こんな映画は見ちゃいけない!

映画ライター・福本ジローによる、ハリウッドの大作から日本映画の小品までスポットを当てる新作映画専門批評サイト。

ウォーク・ザ・ライン

otello2006-02-22

ウォーク・ザ・ライン WALK THE LINE


ポイント ★★★
DATE 06/2/18
THEATER ユナイテッドシネマズとしまえん
監督 ジェームズ・マンゴールド
ナンバー 25
出演 ホアキン・フェニックス/リーズ・ウィザースプーン/ジェニファー・グッドウィン/ロバート・パトリック
批評 ネタばれ注意! 結末に触れています


夢と愛、成功の果ての挫折とドラッグ。現代大衆音楽のスターがたどるステレオタイプをこの映画の主人公も忠実になぞる。そして、かつて大ヒットした音楽を忠実に再現することで、オールドファンの懐古趣味を満足させることも忘れていない。しかし、ジョニー・キャッシュという歌手と彼の歌をよく知らない者にとっては、主演の2人がすべて吹き替えなしで歌ったということ以外にそれほどの驚きを感じないことも事実。おそらく、キャッシュのファンにはたまらないサウンドだったのだろうが、ファンではない者への訴求力には欠ける。

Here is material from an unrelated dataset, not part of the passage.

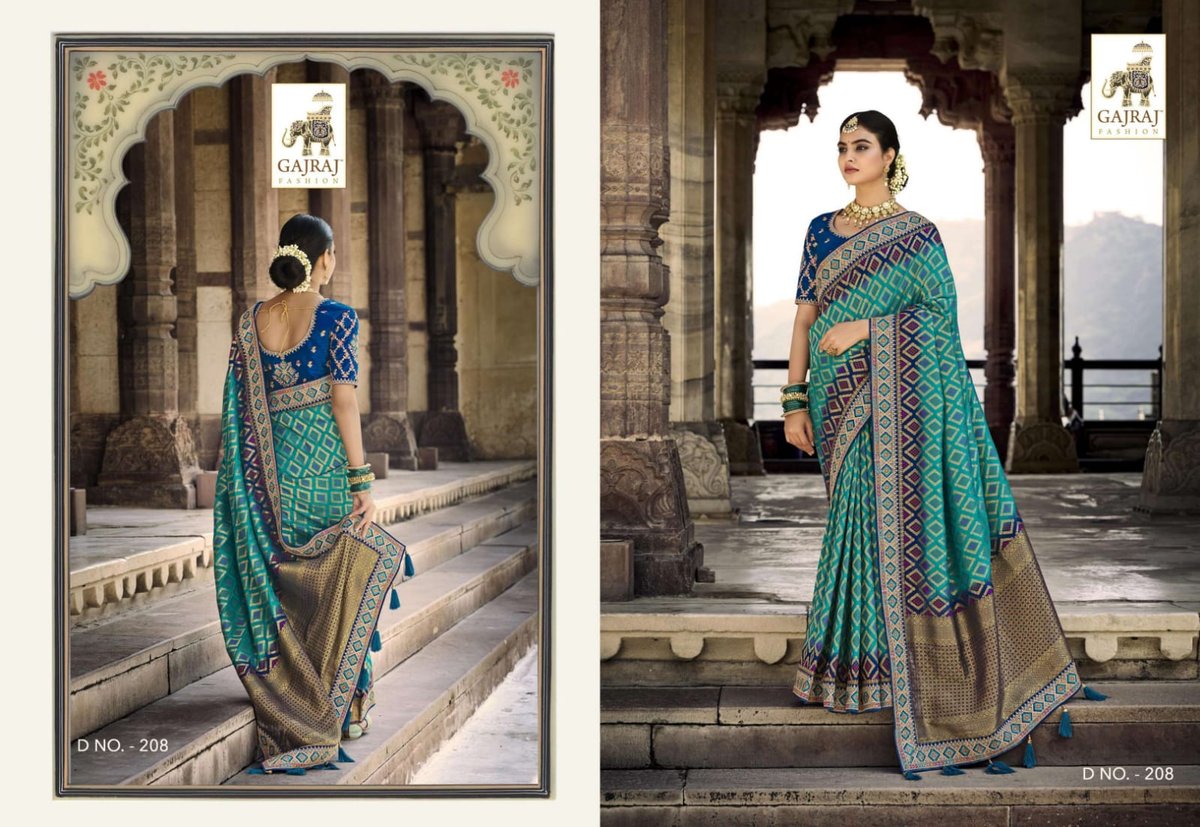 Gajraj Fashion 207-218 Series 2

幼いころから歌手を夢見ていたジョニーは結婚後セールスマンをしながら生計を立てていた。ある日強引にオーディションを受け、軍隊時代に作った歌で合格、一躍スターになる。そして巡業先で子供のころからのアイドル・ジューンと出会う。ジョニーはジューンを追い求めるがその距離は縮まらず、ジョニーはドラッグに溺れていく。


ジョニーの兄は少年時代に事故死するのが、そのとき父親が弟のジョニーに向かって「お前のほうが死ねばよかった」というような意味の言葉を口にする。「スタンド・バイ・ミー」にも同様のシーンがあるが、本当にこんな言葉を口にする父親が存在することに驚いた。もちろんわが子でもそりの合わないこともあるだろう。しかし、年端の行かない子供に対して浴びせるセリフではないことは明白。ジョニーが成長しても父子間のぎこちない距離感は続くが、ドラッグ中毒になったジョニーを前に父は決定的に決別する。もはや修復不可能で蔑みにも似た感情。どうして父親が実の息子に対してここまで愛情を捨てられるのか、とても疑問に思った。


その後もジョニーは家庭を崩壊させてもジューンを追い求め、絶望と再生を繰り返す。そして伝説的な刑務所でのライブ録音。ここに来てやっとジョニーは自分の人生を肯定的に見つめなおすことができるようになる。ジューンあっての人生、そのことに気づきステージでプロポーズする。ただ、そこに至るまでの道のりのいかに長いことか。確かにホアキン・フェニックス、リース・ウィザスプーンのなりきり演技にはすさまじいプロ意識を感じるが、もっとミュージシャンとしての創作の苦悩やひらめきを描いてほしかった。